What the task requires
Copy out the full listing exactly, omitting any picture it contains.

Data shown
====
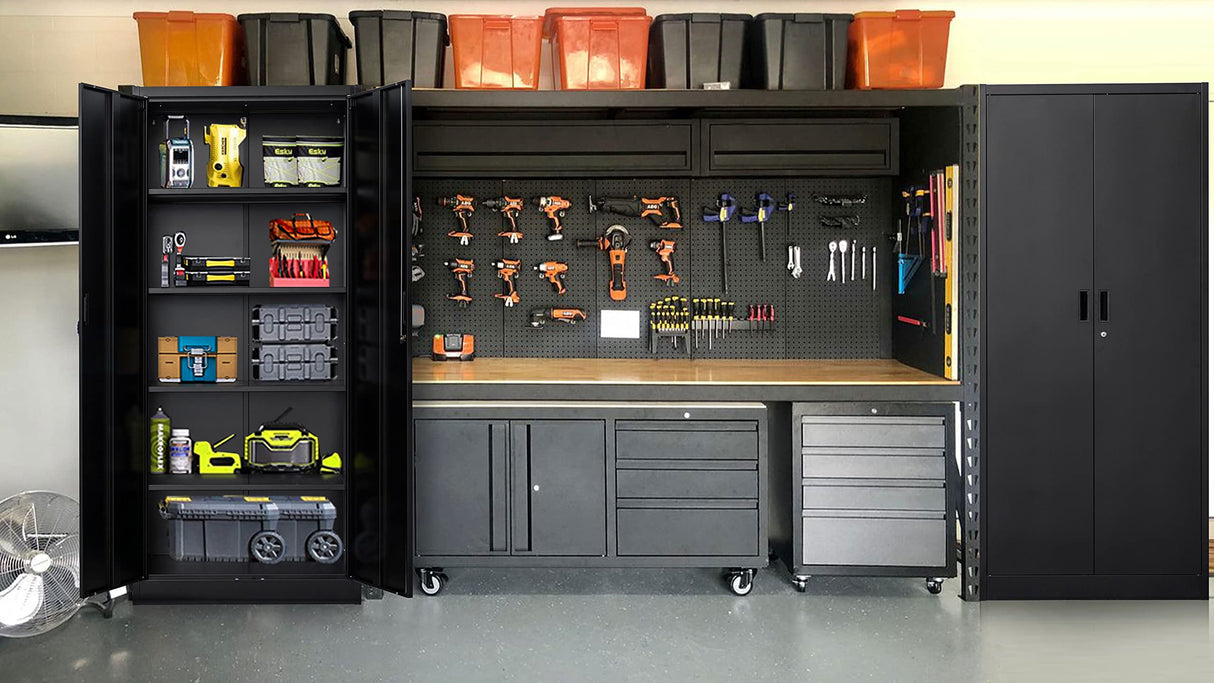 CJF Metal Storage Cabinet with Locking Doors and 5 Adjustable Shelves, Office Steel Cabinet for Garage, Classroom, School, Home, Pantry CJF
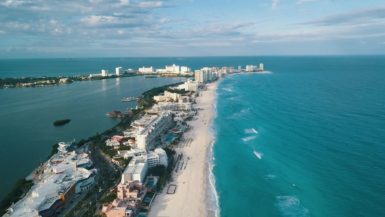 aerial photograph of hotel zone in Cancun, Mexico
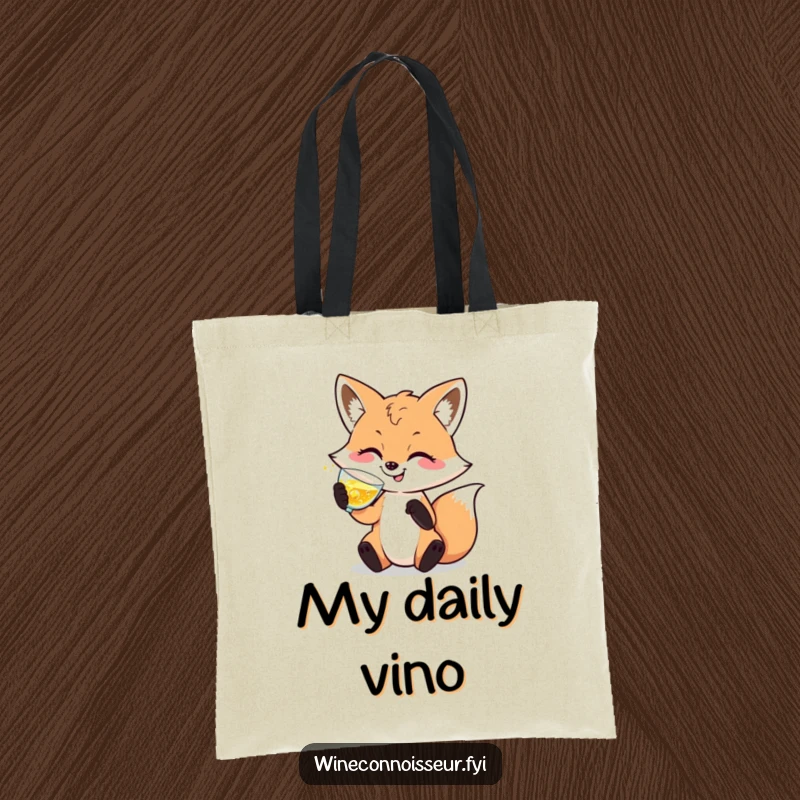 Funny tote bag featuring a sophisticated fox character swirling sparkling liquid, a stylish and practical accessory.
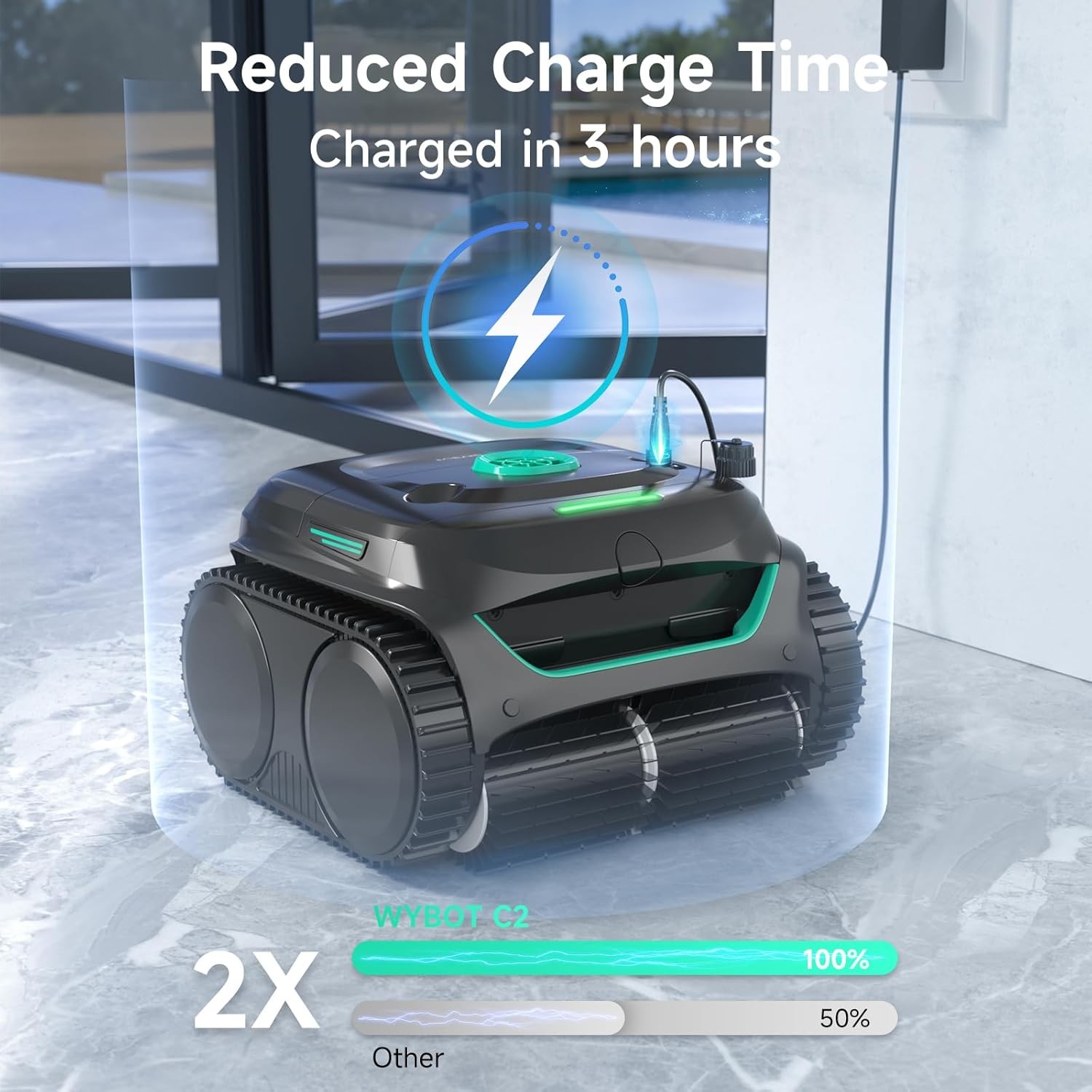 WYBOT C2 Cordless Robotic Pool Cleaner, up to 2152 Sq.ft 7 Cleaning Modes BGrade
====
Answer box
 CJF Metal Storage Cabinet with Locking Doors and 5 Adjustable Shelves, Office Steel Cabinet for Garage, Classroom, School, Home, Pantry CJF
 aerial photograph of hotel zone in Cancun, Mexico
 Funny tote bag featuring a sophisticated fox character swirling sparkling liquid, a stylish and practical accessory.
 WYBOT C2 Cordless Robotic Pool Cleaner, up to 2152 Sq.ft 7 Cleaning Modes BGrade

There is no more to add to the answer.